Constrained free energy minimization for the design of thermal states and stabilizer thermodynamic systems

TL;DR

This paper benchmarks quantum algorithms for constrained energy minimization in thermodynamic systems, introduces stabilizer thermodynamic systems, and explores their applications in quantum state encoding and material design.

Contribution

It provides a comprehensive benchmarking of classical and hybrid quantum algorithms on thermodynamic models and introduces stabilizer thermodynamic systems for quantum information encoding.

Findings

Algorithms converge to global optima in thermodynamic models.

Stabilizer thermodynamic systems can encode quantum information at fixed temperature.

Hybrid algorithms serve as effective methods for quantum state encoding.

Abstract

A quantum thermodynamic system is described by a Hamiltonian and a list of conserved, non-commuting charges, and a fundamental goal is to determine the minimum energy of the system subject to constraints on the charges.
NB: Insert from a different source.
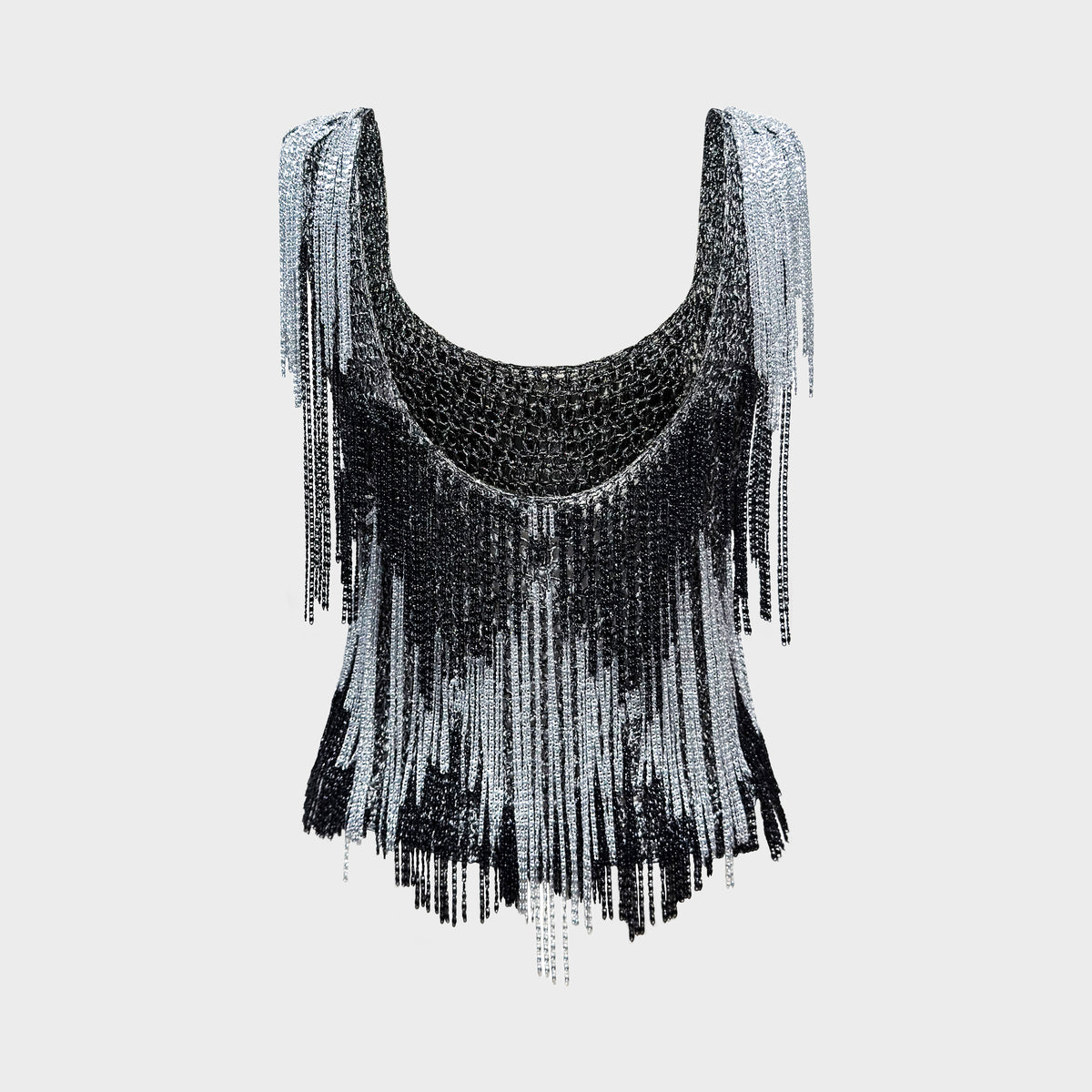 Black & Silver Chain Fringe Top Loris Azzaro Circa 1971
Recently, [Liu et al., arXiv:2505.04514] proposed first- and second-order classical and hybrid quantum-classical algorithms for solving a dual chemical potential maximization problem, and they proved that these algorithms converge to global optima by means of gradient-ascent approaches. In this paper, we benchmark these algorithms on several problems of interest in thermodynamics, including one- and two-dimensional quantum Heisenberg models with nearest- and next-nearest neighbor interactions and with the charges set to the total x, y, and z magnetizations. We also offer an alternative compelling interpretation of these algorithms as methods for designing ground and thermal states of controllable Hamiltonians, with potential applications in molecular and material design. Furthermore, we introduce stabilizer thermodynamic systems as thermodynamic systems based on stabilizer codes, with the Hamiltonian constructed from a given code's stabilizer operators and the charges constructed from the code's logical operators. We benchmark the aforementioned algorithms on several examples of stabilizer thermodynamic systems, including those constructed from the one-to-three-qubit repetition code, the perfect one-to-five-qubit code, and the two-to-four-qubit error-detecting code. Finally, we observe that the aforementioned hybrid quantum-classical algorithms, when applied to stabilizer thermodynamic systems, can serve as alternative methods for encoding quantum information into stabilizer codes at a fixed temperature, and we provide an effective method for warm-starting these encoding algorithms whenever a single qubit is encoded into multiple physical qubits.